Stephen White

“Kill Me”


A new author
for me. I hope
to find more. 
Crime-prone Boulder psychologist Dr. Alan Gregory doesn’t have to do anything but listen to one of his most troubled patients: a man sentenced to death by killers he hired himself.

After getting rescued from a skiing mishap that could have been much worse and hearing the news that a friend has been turned into a vegetable by a scuba accident, the anonymous narrator, a wealthy med-tech developer, realizes he’s never worried what will happen if illness or accident leave him incapacitated, unable to communicate his wish to die if he can’t Live-with-a-capital-L, or make sure that wish is honored. 

A sympathetic friend puts him in touch with a shadowy group he dubs the Death Angels who offer a unique service. For a cool million, they’ll ask you enough questions to construct an individualized profile of your likely future wishes, then monitor your health, keep an eye out for accidents and step in without further notice if you cross the quality-of-life line you’ve drawn yourself. 

The big advantage to this arrangement, of course, is that you get to make decisions about the end of your life while you’re still in the pink of health. The big disadvantage is that once you’ve made the final payment, your contract with the Death Angels is irrevocable—even if you soon develop an aneurysm that produces symptoms so serious you know the Death Angels are watching, even if in the meantime you’ve developed an emotional bond to a son you never knew you had that’s so vital it’s absolutely essential you stay alive at least long enough to find the missing boy and bid him farewell.

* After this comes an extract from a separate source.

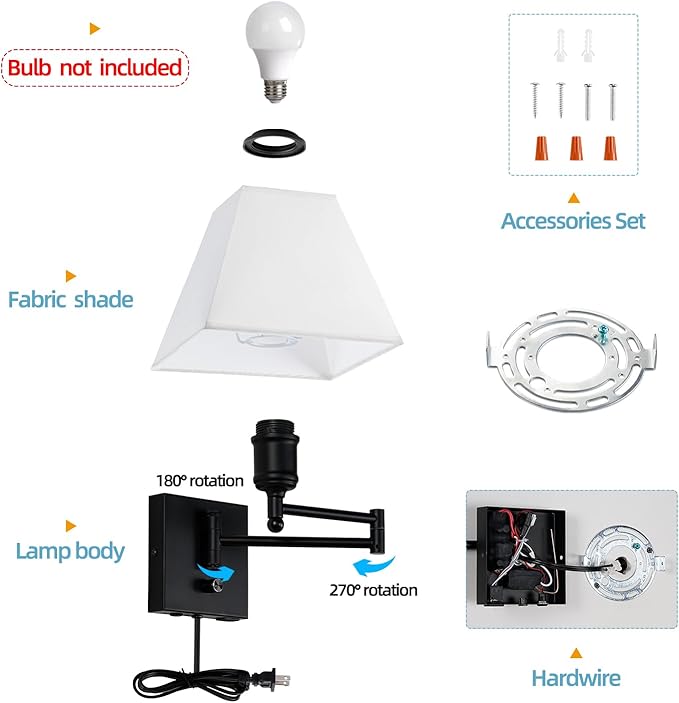 Swinging arm wall lamp, Fabric lampshade, with Plug and dimming Rotary Switch, USB and Type-C Charging Port, Suitable for Bedside, Living Room, Hotel and Bedroom wall Lamps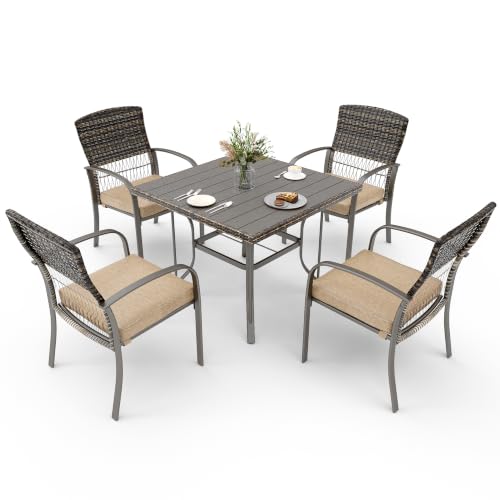 Pamapic 5‑Piece Patio Dining Set, Beige PE Rattan Table & Chairs with Comfort Cushions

White, no stranger to suspenseful but wildly implausible plots (Missing Persons, 2005, etc.), wisely front-loads this thriller with a flatly incredible premise that pays off down the road despite a cargo of further improbabilities.

"Manner of Death" 

Very involved but
interesting and
worth a read. 
The past resurfaces in ways that are as intimate as they are frightening when Dr. Alan Gregory and Dr. Sawyer Sackett-a woman he once loved-are plunged into the private nightmare of a killer who knows about the terrifying power of mind games.

Following a former colleague's funeral, two strangers approach Gregory and suggest that the death he just mourned did not occur from natural causes and is neither the first nor the last of a terrible chain in which Gregory is the crucial link. 

Delving into his past and examining the deaths of associates from his post-medical school days almost two decades before, Gregory quickly discovers that all have been victims of bizarre, fatal accidents except him and his old flame, Sawyer Sackett. 

Reuniting with Sawyer to investigate the string of possible murders, Alan finds not only his life, but his marriage endangered. Soon he is moving into the sights of a dangerously disturbed killer-- and deeper into an unsolved mystery buried in the annals of modern American crime.

“Critical Conditons” 


Summoned to the hospital to learn the motives behind a teenage girl's suicide attempt, Alan discovers that the girl's young stepsister lies near death in another hospital with a heart disease. 

Denied an experimental new treatment that could save her life by her parent's managed-care provider, the stepsister has become a symbol of a health care system more concerned with costs than with the lives of its patients. 


And when a wealthy executive of the family's HMO is found dead, Alan and Denver detective Sam Purdy uncover the truth that links the teenage girl to his death, and the truth behind a family willing to kill in the name of love...and revenge.